### Data for review
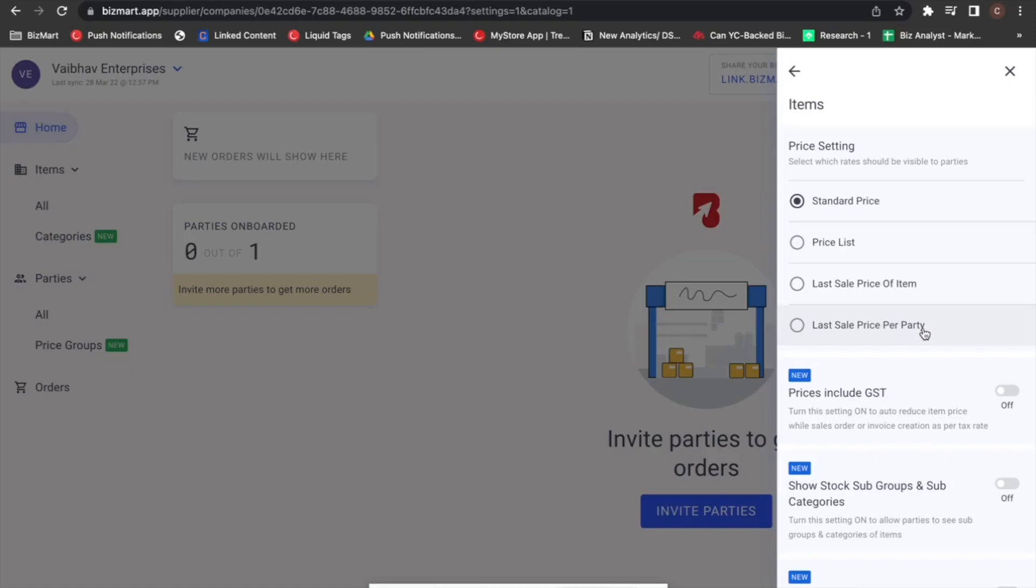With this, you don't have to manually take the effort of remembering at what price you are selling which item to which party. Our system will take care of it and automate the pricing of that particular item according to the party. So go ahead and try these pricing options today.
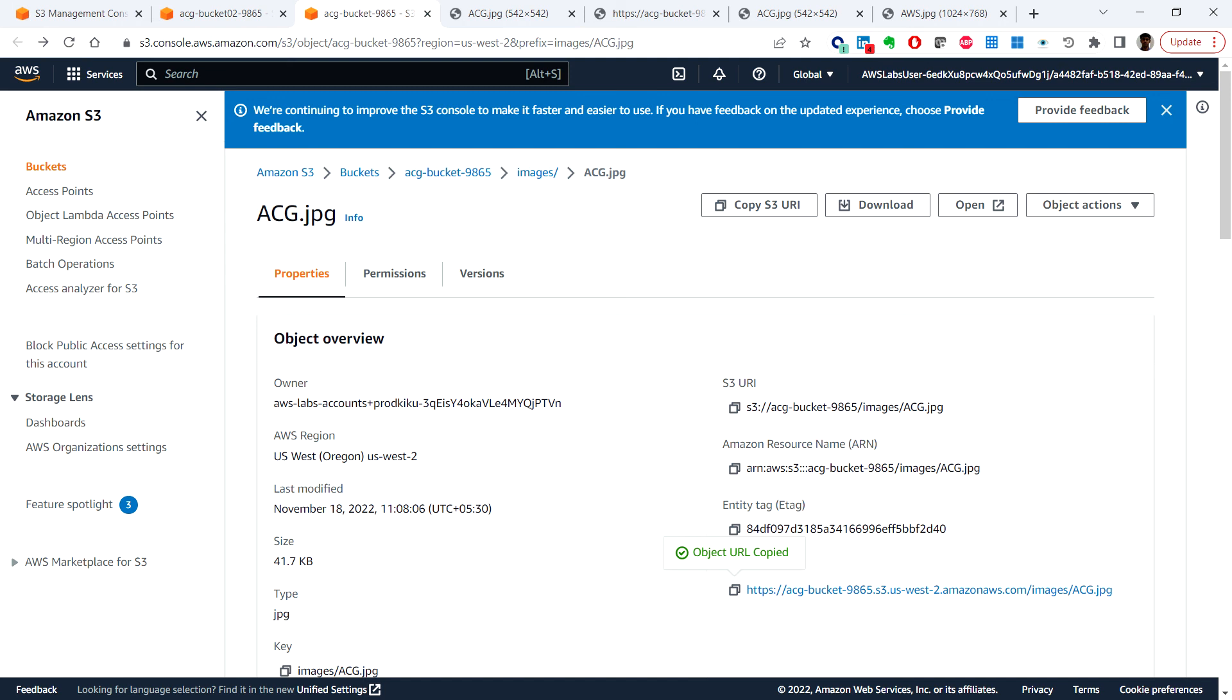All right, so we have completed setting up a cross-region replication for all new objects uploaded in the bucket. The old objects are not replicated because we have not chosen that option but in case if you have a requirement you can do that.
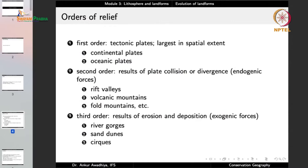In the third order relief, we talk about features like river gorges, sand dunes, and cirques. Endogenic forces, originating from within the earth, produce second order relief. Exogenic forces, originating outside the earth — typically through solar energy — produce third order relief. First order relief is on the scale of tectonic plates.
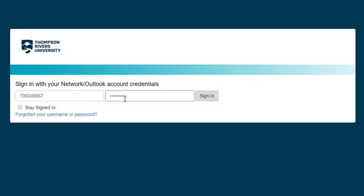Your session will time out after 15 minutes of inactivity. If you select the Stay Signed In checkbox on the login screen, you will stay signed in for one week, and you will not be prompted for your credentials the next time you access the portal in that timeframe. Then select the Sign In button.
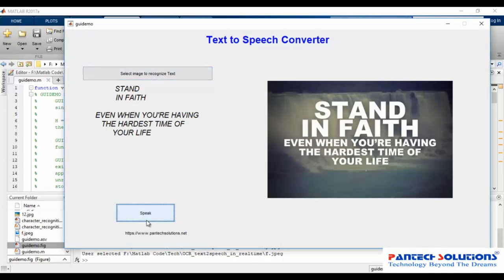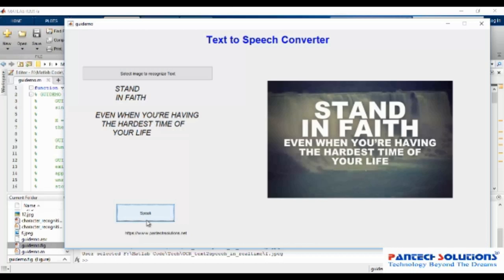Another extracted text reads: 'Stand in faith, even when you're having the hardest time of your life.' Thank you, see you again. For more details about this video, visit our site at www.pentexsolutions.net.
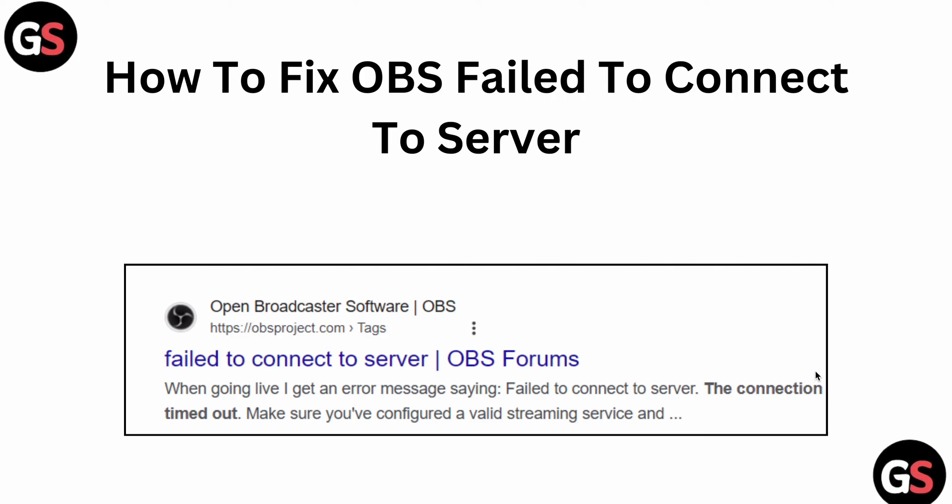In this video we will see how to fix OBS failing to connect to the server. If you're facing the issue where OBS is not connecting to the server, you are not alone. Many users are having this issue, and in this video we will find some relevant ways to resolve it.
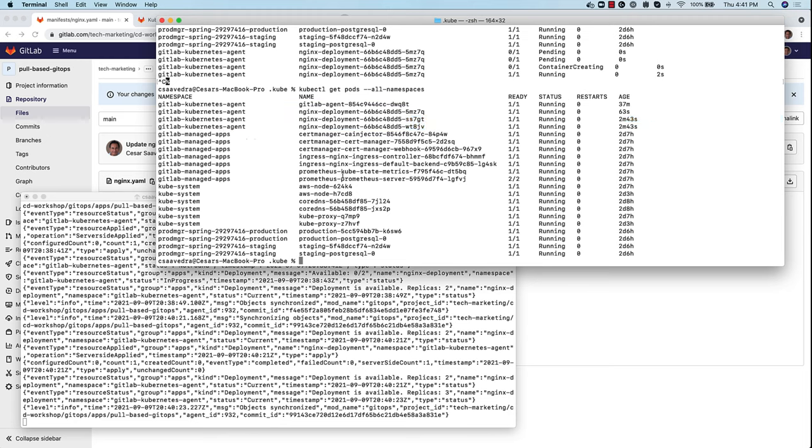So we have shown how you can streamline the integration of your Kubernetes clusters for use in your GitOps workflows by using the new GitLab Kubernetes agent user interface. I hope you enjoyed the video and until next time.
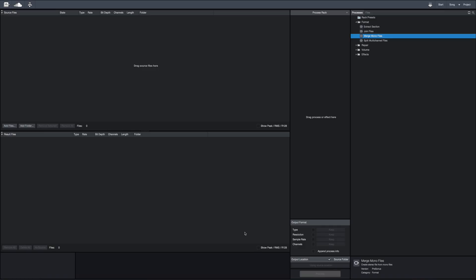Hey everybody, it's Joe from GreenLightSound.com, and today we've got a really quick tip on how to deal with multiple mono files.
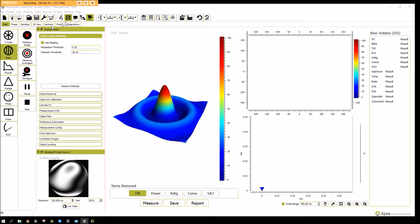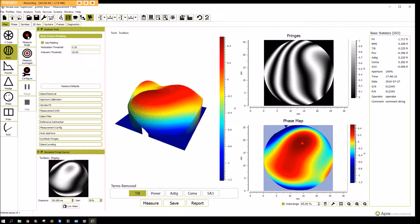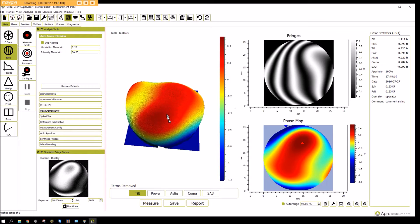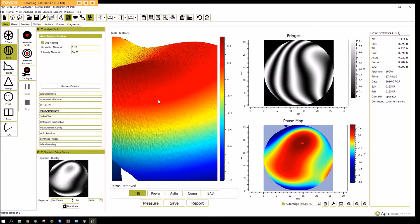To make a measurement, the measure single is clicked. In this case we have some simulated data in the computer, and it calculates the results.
--
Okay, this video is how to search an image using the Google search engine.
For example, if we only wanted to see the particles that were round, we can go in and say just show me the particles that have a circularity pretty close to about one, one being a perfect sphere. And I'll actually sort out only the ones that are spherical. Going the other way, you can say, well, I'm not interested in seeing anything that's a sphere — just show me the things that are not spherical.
==
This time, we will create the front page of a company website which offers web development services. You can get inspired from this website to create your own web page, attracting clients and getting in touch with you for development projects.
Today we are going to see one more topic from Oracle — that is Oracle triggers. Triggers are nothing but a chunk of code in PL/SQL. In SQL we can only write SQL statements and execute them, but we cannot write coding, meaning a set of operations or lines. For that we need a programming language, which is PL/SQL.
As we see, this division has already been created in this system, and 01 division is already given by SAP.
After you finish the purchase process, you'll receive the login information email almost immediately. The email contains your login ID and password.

### Your instructions
Above are the records. Copy every line in them holding "only".

### Completed exercise
For example, if we only wanted to see the particles that were round, we can go in and say just show me the particles that have a circularity pretty close to about one, one being a perfect sphere. And I'll actually sort out only the ones that are spherical. Going the other way, you can say, well, I'm not interested in seeing anything that's a sphere — just show me the things that are not spherical.
Today we are going to see one more topic from Oracle — that is Oracle triggers. Triggers are nothing but a chunk of code in PL/SQL. In SQL we can only write SQL statements and execute them, but we cannot write coding, meaning a set of operations or lines. For that we need a programming language, which is PL/SQL.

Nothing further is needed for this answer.